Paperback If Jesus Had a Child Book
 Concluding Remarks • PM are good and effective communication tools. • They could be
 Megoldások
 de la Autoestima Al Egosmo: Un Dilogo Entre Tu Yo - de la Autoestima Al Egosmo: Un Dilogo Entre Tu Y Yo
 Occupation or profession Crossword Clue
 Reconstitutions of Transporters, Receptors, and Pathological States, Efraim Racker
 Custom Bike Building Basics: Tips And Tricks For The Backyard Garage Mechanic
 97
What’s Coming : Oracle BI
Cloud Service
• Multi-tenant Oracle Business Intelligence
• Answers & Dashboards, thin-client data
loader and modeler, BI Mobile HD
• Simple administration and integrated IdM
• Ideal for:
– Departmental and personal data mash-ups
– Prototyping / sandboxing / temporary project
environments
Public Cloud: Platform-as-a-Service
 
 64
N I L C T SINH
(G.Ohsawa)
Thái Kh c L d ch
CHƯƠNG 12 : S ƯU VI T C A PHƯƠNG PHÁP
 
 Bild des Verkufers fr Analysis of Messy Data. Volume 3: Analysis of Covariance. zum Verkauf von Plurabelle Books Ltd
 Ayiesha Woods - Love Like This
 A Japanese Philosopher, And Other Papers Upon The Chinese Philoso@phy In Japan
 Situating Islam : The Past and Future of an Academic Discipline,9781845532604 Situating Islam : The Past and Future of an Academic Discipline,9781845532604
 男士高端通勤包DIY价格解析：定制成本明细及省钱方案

WHAT TO WORK ON:
Could you tally how many lines of the material above include the word "Oracle" and reply with only that count?

EXERCISE SOLUTION:
2